You know things are bad in the DPRK if the Grand Poobah himself wants to defect. In this thriller set three or four years in the future, the “Supreme Leader” is aptly known as “King.” Whether he really wants to defect or not is uncertain, but “Ahab,” a South Korean mercenary, is determined to bring him back safely regardless. It will take a bold move to prevent a catastrophic war and Ahab is just the guy to make it in Kim Byung-woo’s Take Point, which opens tomorrow in Los Angeles and next Friday in New York.
Ahab and his seedy team of mercs are lethally effective, but as foreign nationals, they can be easily disavowed. That is why Agent Mackenzie frequently subcontracts their services. However, this gig was always going to messy and it just got a whole lot more complicated. Ahab’s crew ensconced themselves in the secret tunnels under the DMZ, waiting to whisk away a high-ranking official who supposedly wants to defect. The game gets exponentially more serious when King shows up in his place. Maybe he wants to defect or maybe he doesn’t.
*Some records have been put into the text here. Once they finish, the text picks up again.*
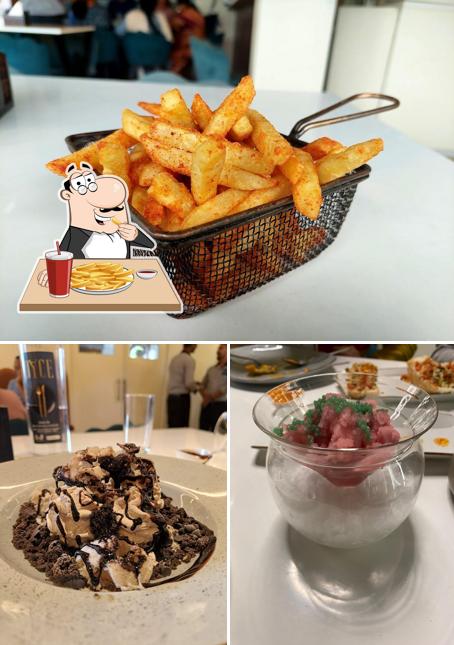 French fries at DYCE - Authentic Italian and Continental (Vegetarian)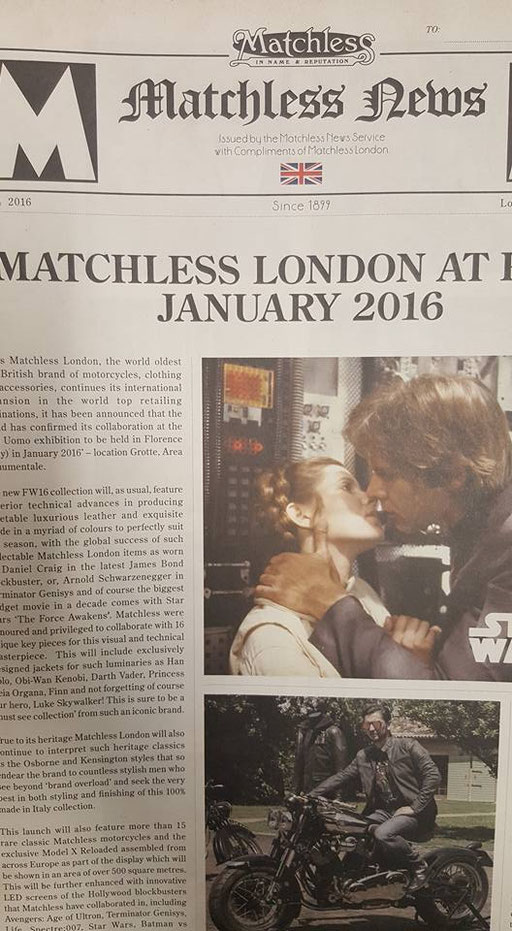 Magazine publication on Matchless London - All rights reserved 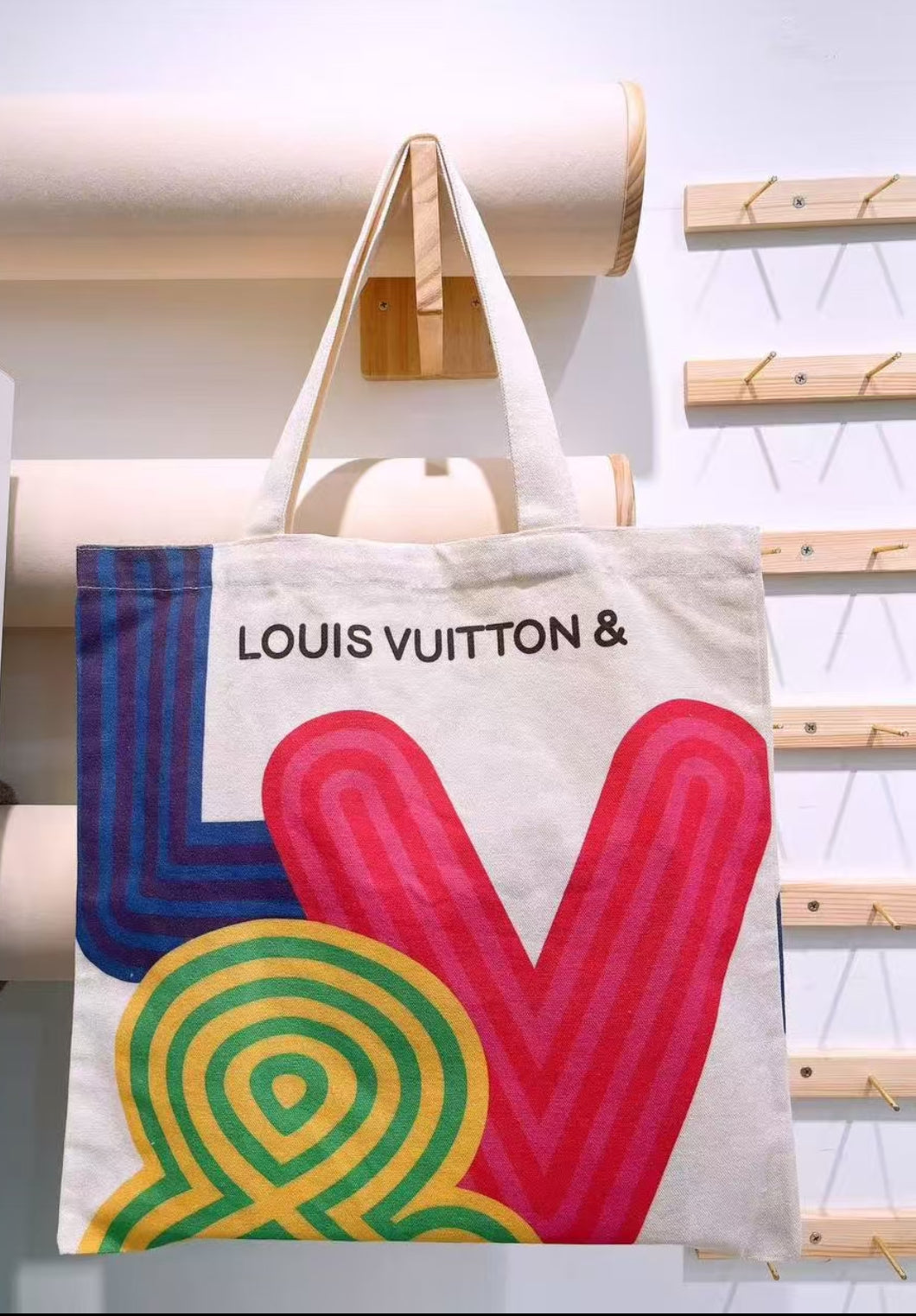 Louis Vuitton Limited Edition Exhibition Canvas Tote
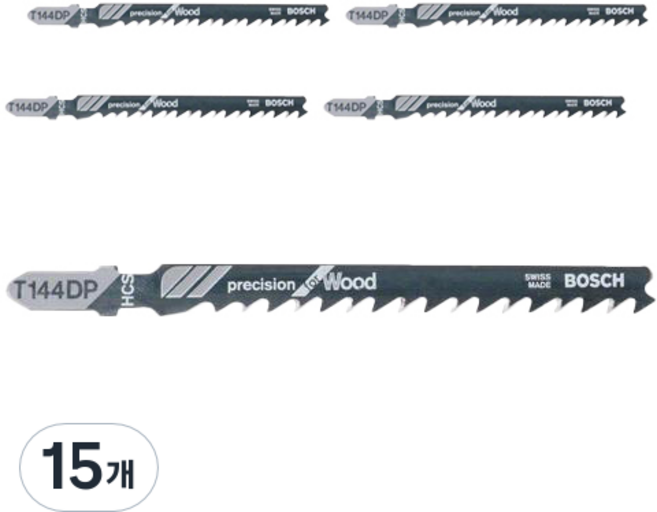 보쉬 목재용직쏘날 T144DP, 15개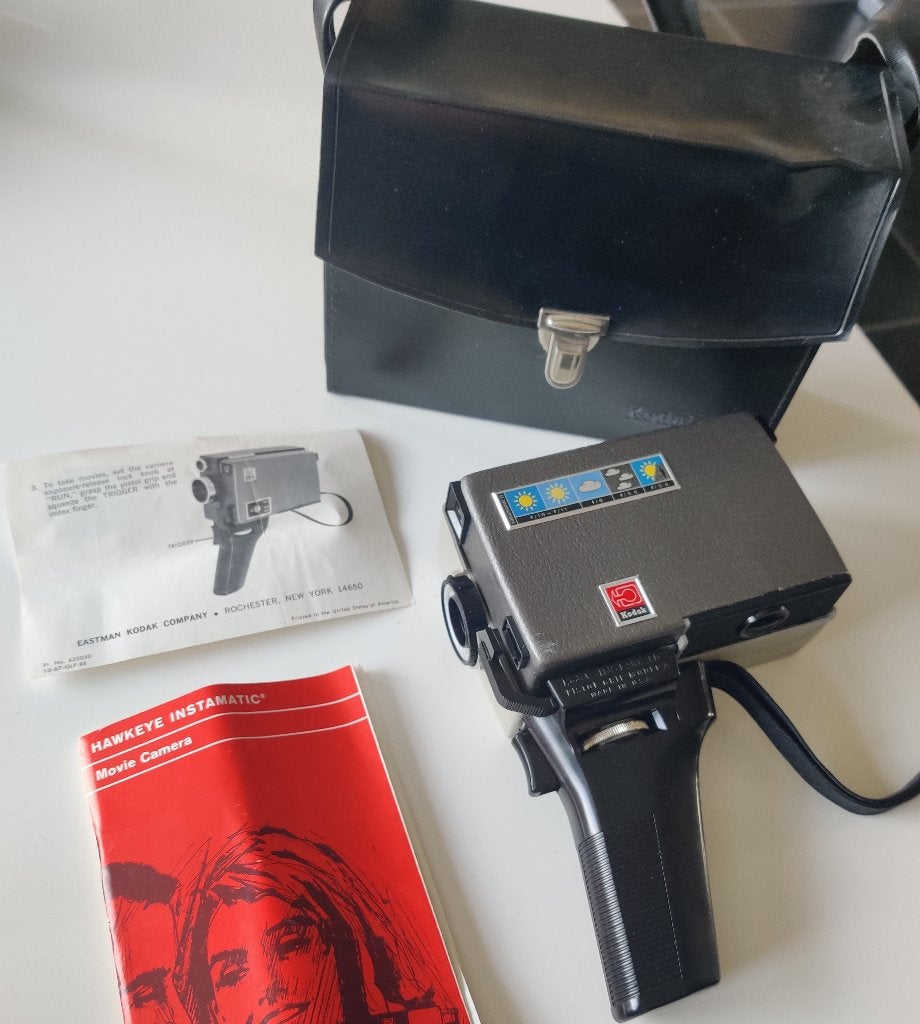Kodak camera met tasje vintage, Ophalen, Hi 8, Camera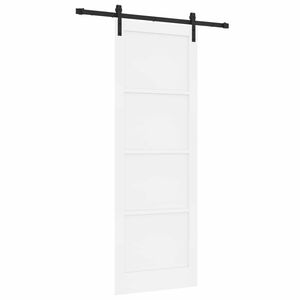 vidaXL Schuifdeur Wit 83 x 232 cm Massief grenenhout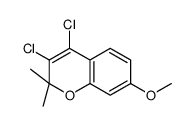 3,4-dichloro-7-methoxy-2,2-dimethylchromene结构式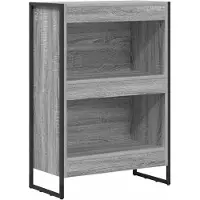 vidaXL Bibliothèque Gris Sonoma 80 x 30 x 155 cm Bois d'ingénierie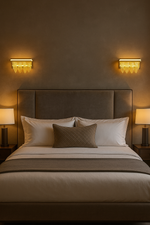 ORGANIC VÄGGLAMPA GULD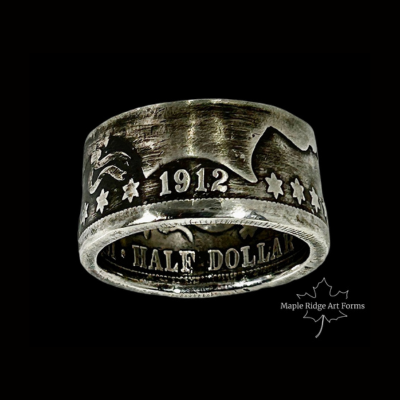 1912 Silver Coin Ring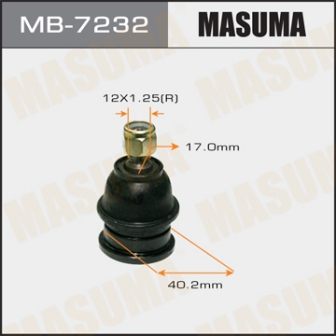 Шаровая опора Masuma MB-7232 front low CHARIOT, D02W, D03W, D05W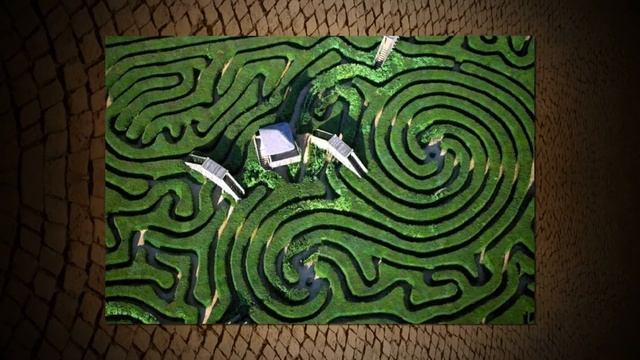 Зелёный лабиринт в Англии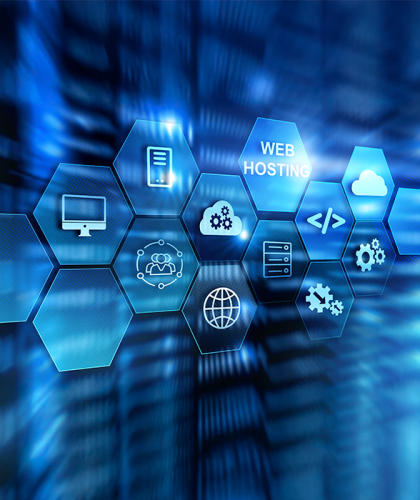website-hosting-concept-with-bright-light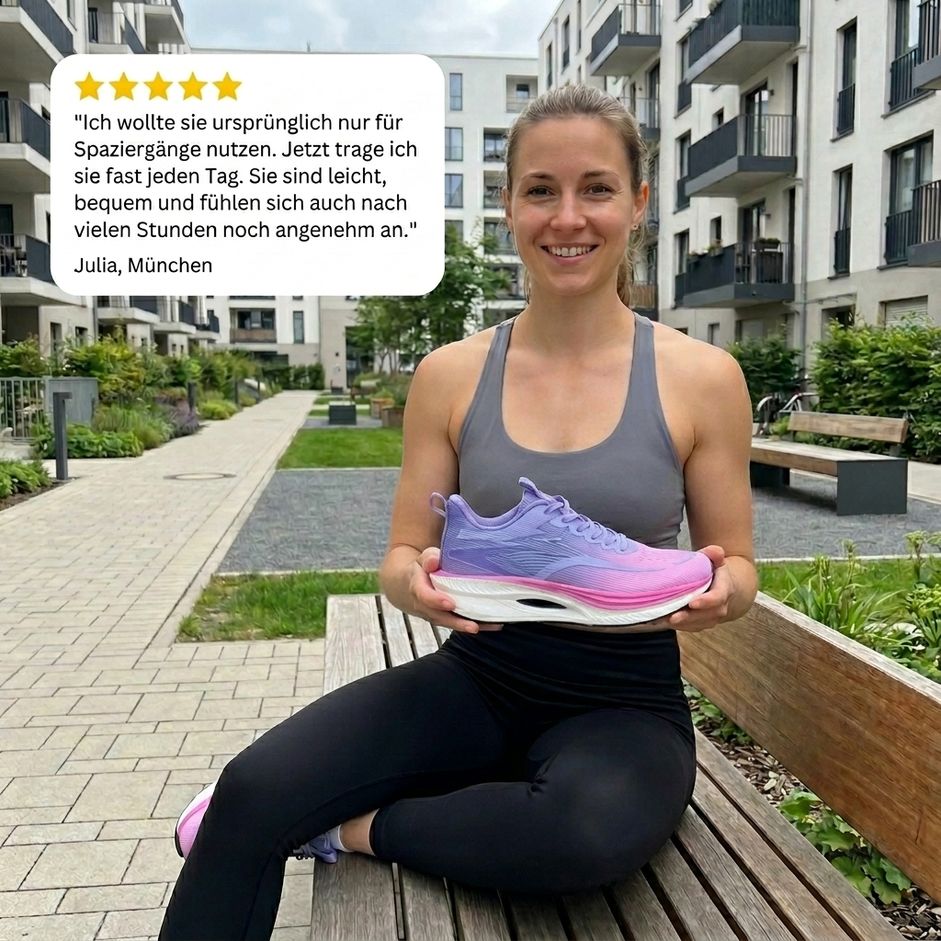 Leichter Laufschuh mit weicher Dämpfung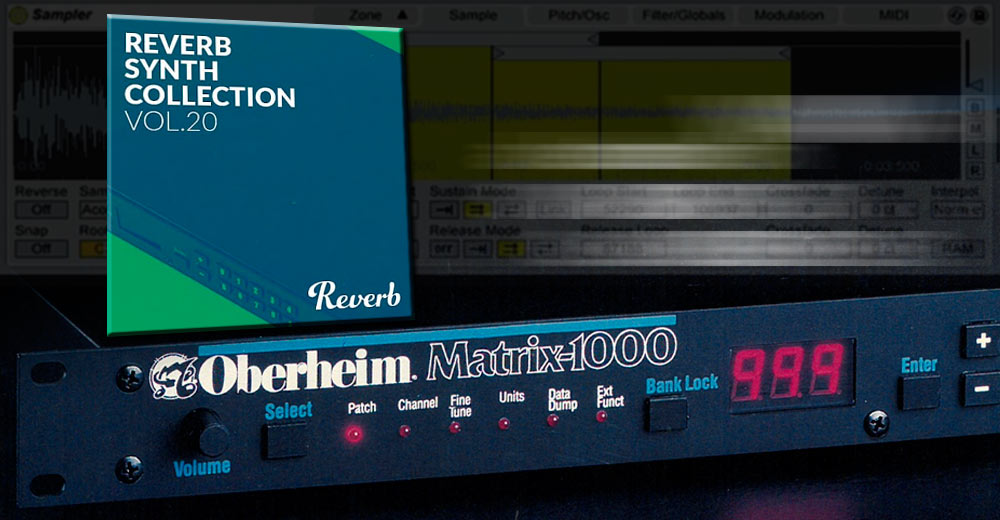 RetroSynth Oberheim Matrix 1000 ¡Un Ableton Live Pack y WAV con 824MB de sonidos gratis para ti!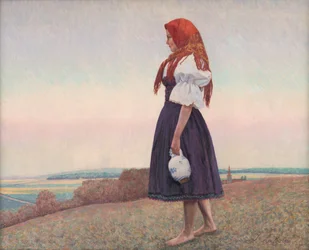 Mädchen mit einem Krug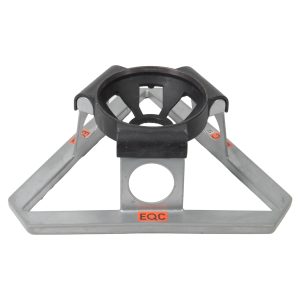 Jokl Boy High Hat Stativ mit dreieckigem Metallrahmen und 150-mm-Schale für bodennahe Kameraaufnahmen.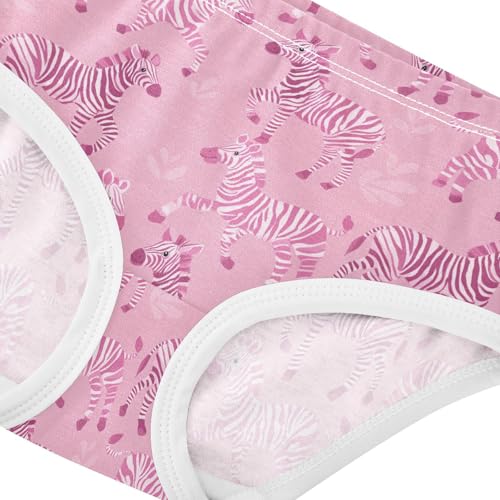 Girls Underwear Soft Cotton Cute Zebra Kids Panties in Sizes 2/3t, 4t, 5t, 6 and 84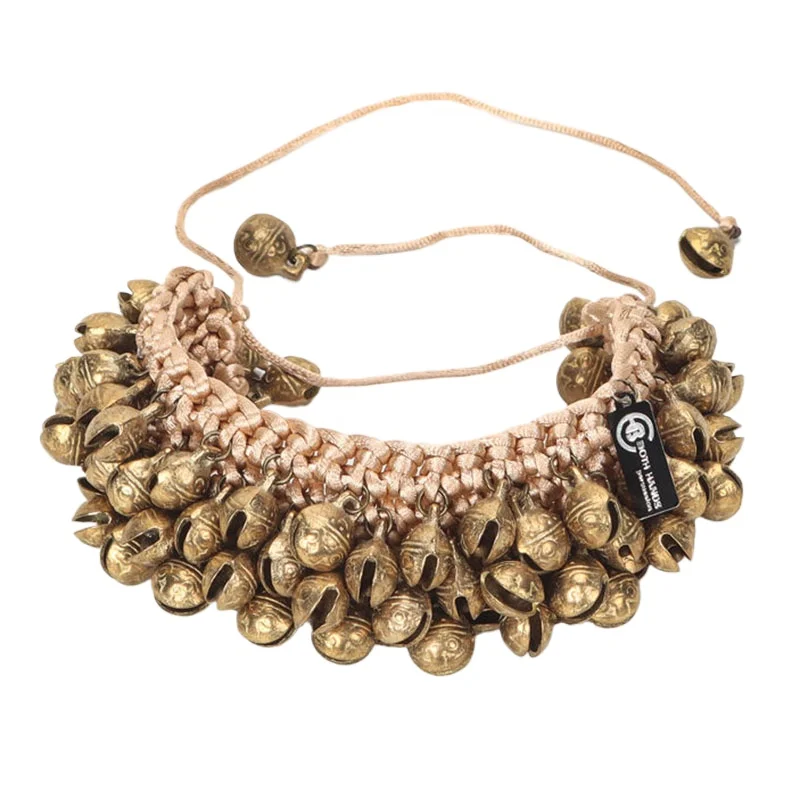 

Танцевальный колокольчик для ног, медитация, йога, медные колокольчики, звуковое исцеление, колокольчики, профессиональный африканский барабанный инструмент для аккомпанемента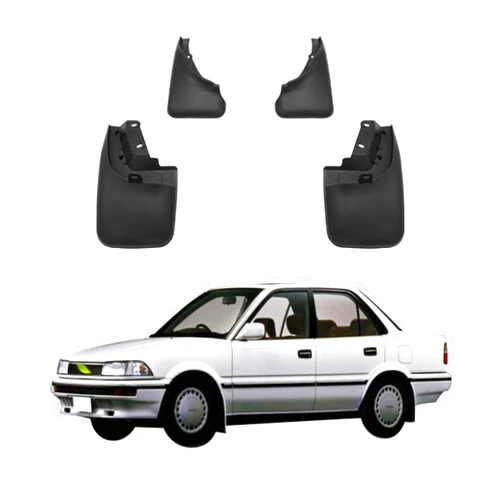 GREATROAD 4PCS Car Mud Flaps Splash Guards Mudguards Car Mud Flaps Compatible with Toyota Corolla E90/AE90/AE92 1987 1988 1989 1990 1991 1992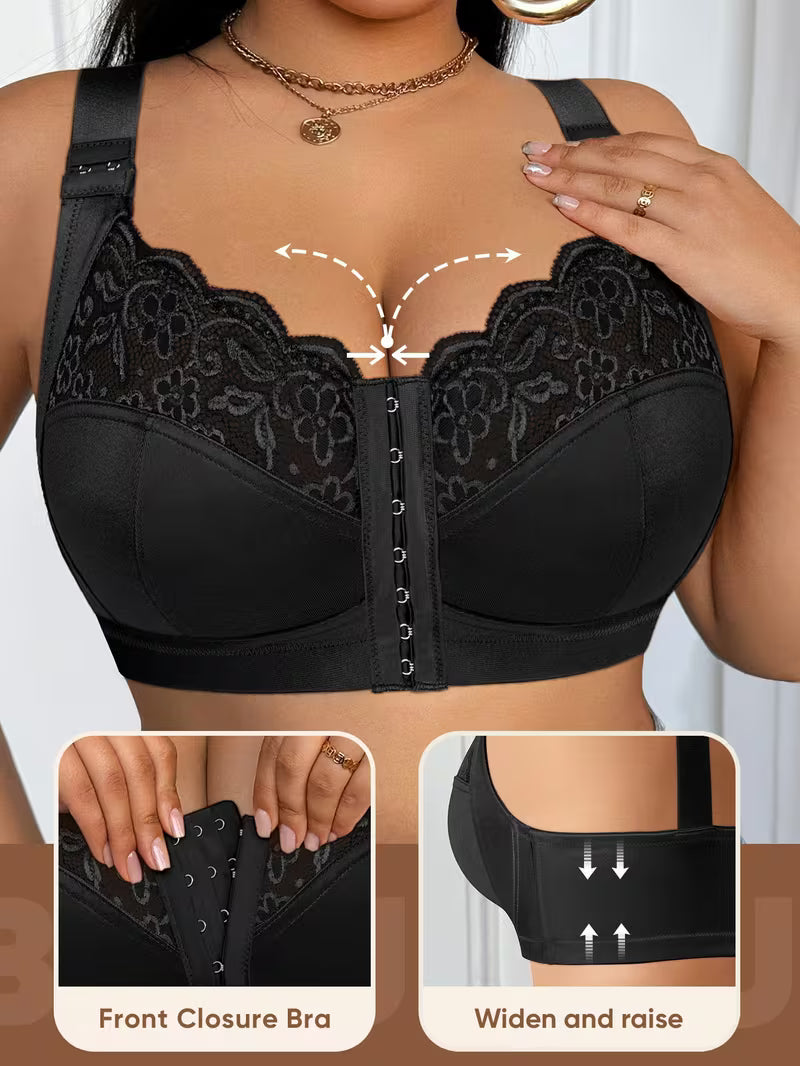 👙TRIUMPH – [4 szt.]🔥50% zniżki na damskie biustonosze z pełnym pokryciem dla kobiet o większych rozmiarach – Biustonosze w dużych rozmiarach o wyrazistych proporcjach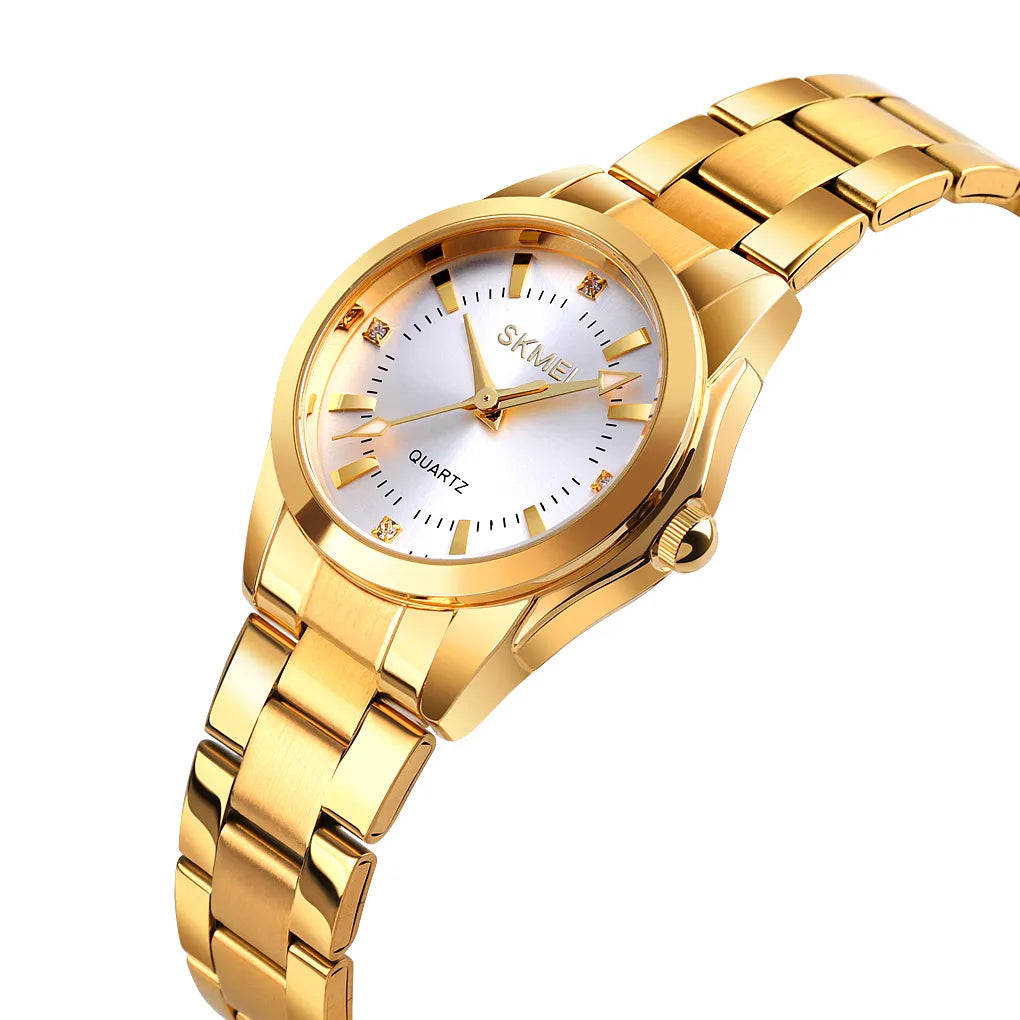 SKMEI 1620 Women Elegant Quartz Watch - Gold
Either way, Ahab and his men can collect the enormous bounty on King’s head if they bring him in alive.
The initial snatch and grab proceeds surprisingly smoothly, but everything soon goes down twisted thereafter. It seems Ahab and King were set up by elements in the North Korean government loyal to China, who want to take over the DPRK and embarrass the American government, especially Pres. McGregor, whose re-election numbers have been in freefall. He might end up hoisted on his own Wag-the-Dog petard, unless Ahab and his crew can deliver the wounded King to the rendezvous point. Things look really bad for the colorful mercs, but Ahab finds an unlikely ally in Yoon Ji-ui, King’s personal physician.
Politically speaking, Take Point (the title is a command and also maybe a place) is about as cynical as a film can get. Everyone is betraying everyone else, so you can’t accuse it of playing favorites, but it is safe to say there is some serious moral equivalency going on here. At least there is also some slam bang action as well. Kim really puts poor Ahab through the wringer and paints him into a corner. His prosthetic leg takes more of a beating than the one the Rock sports in Skyscraper.
As Ahab, Ha Jung-woo is a terrific world-weary, beat-to-heck anti-hero. It is also a good deal of fun watching him play off American thesps Jennifer Ehle and Malik Yoba, as Mackenzie and Gerald, Ahab’s field lieutenant. Of course, it is obvious Ahab’s righthand man Markus is questionable, because he is played by Kevin Durand at his shiftiest.